_Listed records_:
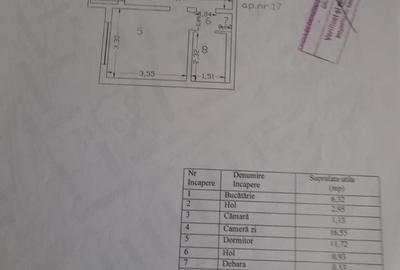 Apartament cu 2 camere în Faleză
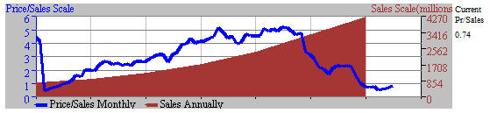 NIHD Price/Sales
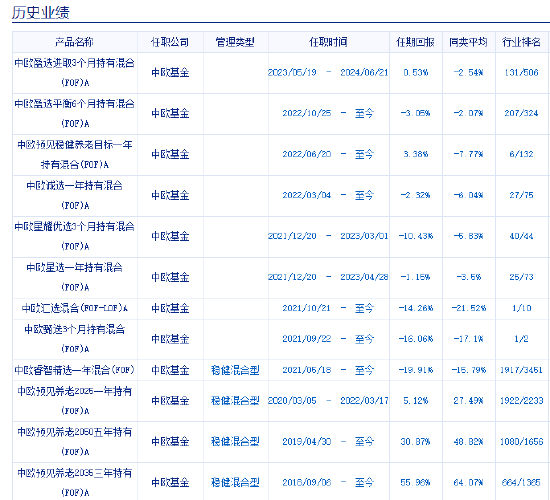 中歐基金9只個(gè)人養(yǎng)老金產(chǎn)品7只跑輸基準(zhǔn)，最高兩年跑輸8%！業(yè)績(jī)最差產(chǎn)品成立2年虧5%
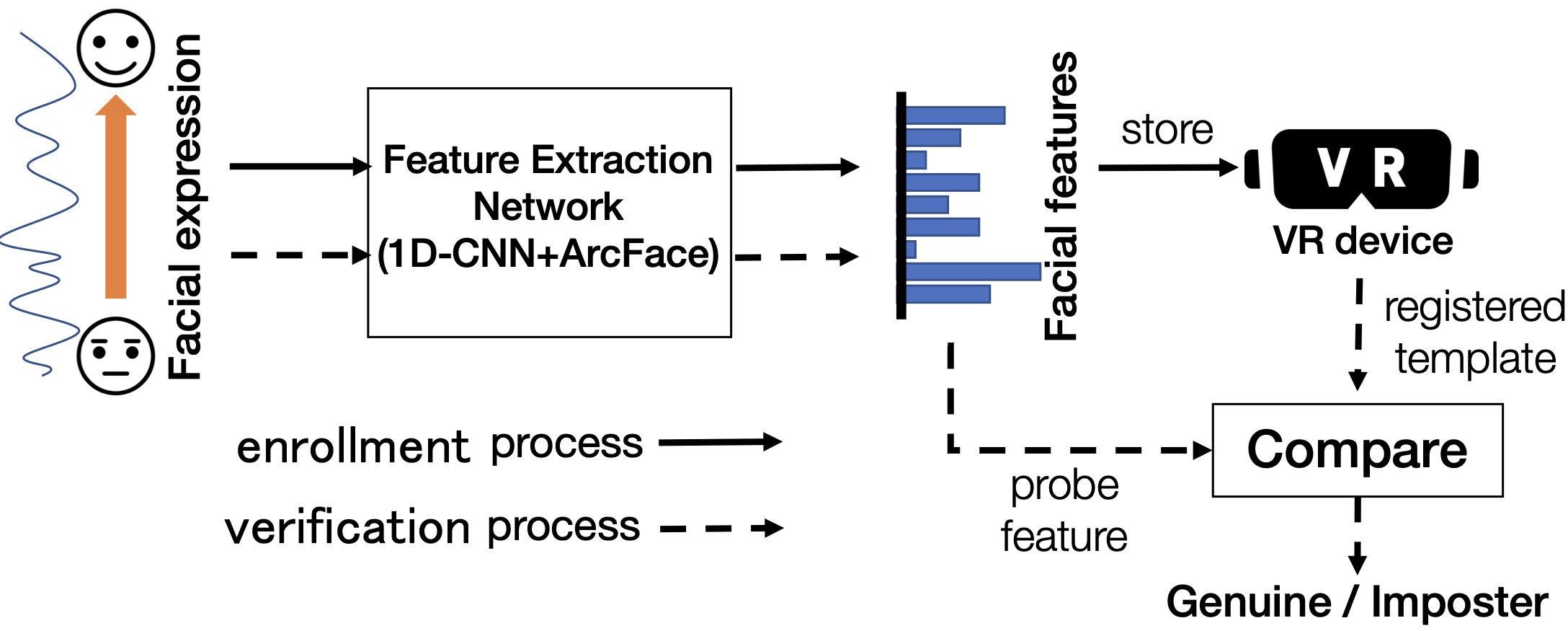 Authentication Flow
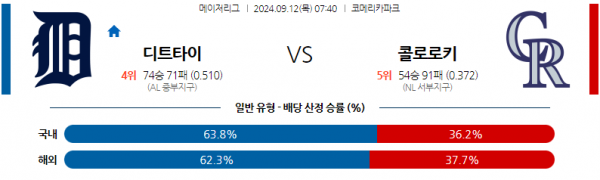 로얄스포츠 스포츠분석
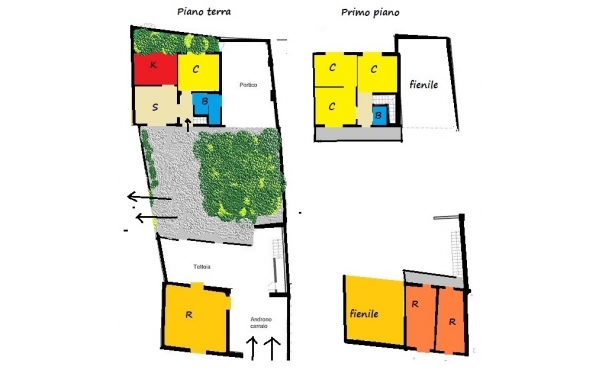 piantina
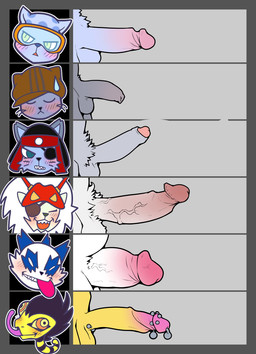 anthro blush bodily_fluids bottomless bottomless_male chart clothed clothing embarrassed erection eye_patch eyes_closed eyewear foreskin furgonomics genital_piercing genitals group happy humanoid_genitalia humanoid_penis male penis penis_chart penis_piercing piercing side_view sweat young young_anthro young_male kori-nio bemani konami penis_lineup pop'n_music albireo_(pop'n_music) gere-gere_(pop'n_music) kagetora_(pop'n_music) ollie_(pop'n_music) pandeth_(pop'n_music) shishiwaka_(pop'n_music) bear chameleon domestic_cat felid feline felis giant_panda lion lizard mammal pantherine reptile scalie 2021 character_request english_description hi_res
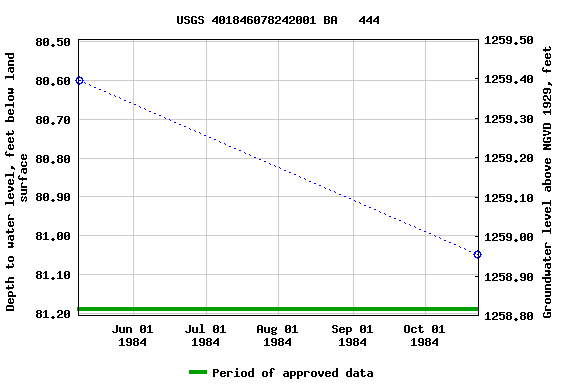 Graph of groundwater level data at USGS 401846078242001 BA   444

_Task prompt_: In the answer, the data should reappear exactly, with no pictures.

_Solution_:
 Apartament cu 2 camere în Faleză
 NIHD Price/Sales
 中歐基金9只個(gè)人養(yǎng)老金產(chǎn)品7只跑輸基準(zhǔn)，最高兩年跑輸8%！業(yè)績(jī)最差產(chǎn)品成立2年虧5%
 Authentication Flow
 로얄스포츠 스포츠분석
 piantina
 anthro blush bodily_fluids bottomless bottomless_male chart clothed clothing embarrassed erection eye_patch eyes_closed eyewear foreskin furgonomics genital_piercing genitals group happy humanoid_genitalia humanoid_penis male penis penis_chart penis_piercing piercing side_view sweat young young_anthro young_male kori-nio bemani konami penis_lineup pop'n_music albireo_(pop'n_music) gere-gere_(pop'n_music) kagetora_(pop'n_music) ollie_(pop'n_music) pandeth_(pop'n_music) shishiwaka_(pop'n_music) bear chameleon domestic_cat felid feline felis giant_panda lion lizard mammal pantherine reptile scalie 2021 character_request english_description hi_res
 Graph of groundwater level data at USGS 401846078242001 BA   444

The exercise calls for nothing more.